Angiographic, hemodynamic and histological characterization of an arteriovenous fistula in rats

  • R. Yassari
  • T. Sayama
  • B. S. Jahromi
  • Y. Aihara
  • M. Stoodley
  • R. L. Macdonald
Experimental Study

Summary

Background. Our understanding of the pathogenesis of arteriovenous malformations (AVMs) and arteriovenous fistulas (AVFs) has been limited by the lack of adequate animal models. In this study we evaluate the time course of angiographic, hemodynamic and histopathological changes in an arteriovenous fistula in rats as a potential model.

Methods. An arteriovenous fistula was created by a side-to-end anastomosis of the common carotid artery (CCA) to the external jugular vein (EJV).

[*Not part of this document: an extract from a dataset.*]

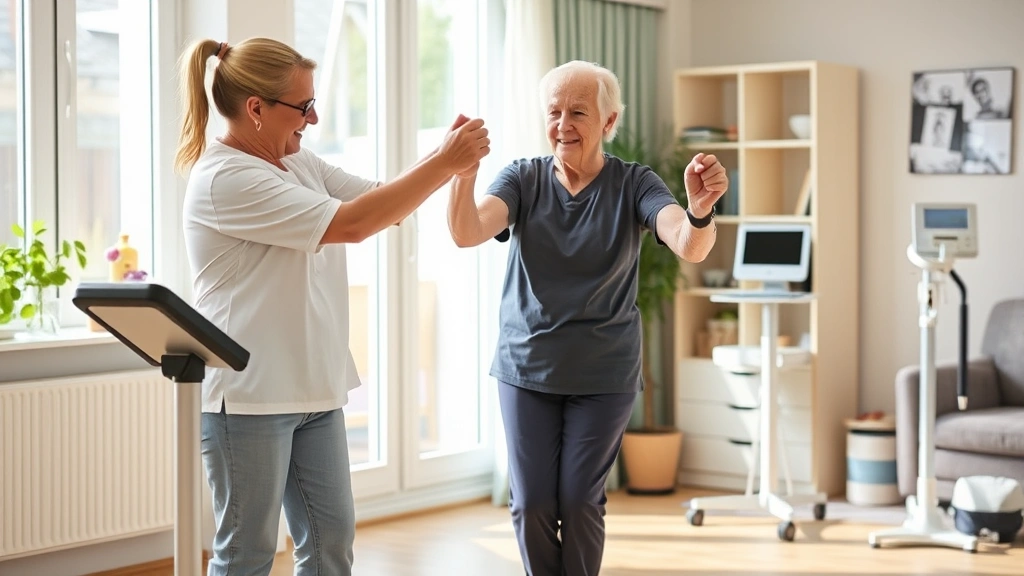 Physical therapist working with elderly patient on balance exercises in bright, accessible home setting, modern medical equipment visible, encouraging therapeutic moment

The animals underwent angiography of the fistula and were sacrificed 1, 7, 21, 42 or 90 days later. Flow and pressure measurements were performed in the CCA and ipsi- and contralateral EJV and detailed histological examination of whole mount sections of the fistula and cranium were done on fixed sections. Immunohistochemistry for CD31, smooth muscle α-actin and Ki-67 were performed.

Findings. Hemodynamic changes occur immediately after fistula formation creating a stable high flow, low resistant state. This induces a gradual increase in the inner diameter of the EJV and transverse sinus followed by a decrease in size of the transverse sinus. This decrease is associated with increased expression of α-actin in the wall of the sinus. The fistula becomes angiographically and histologically stable after 21 days.

Conclusion. This model describes the time course of hemodynamic and histopathological changes after occur after AVF formation. Stabilization after 21 days makes it an attractive model for mechanistic and therapeutic studies of AVFs.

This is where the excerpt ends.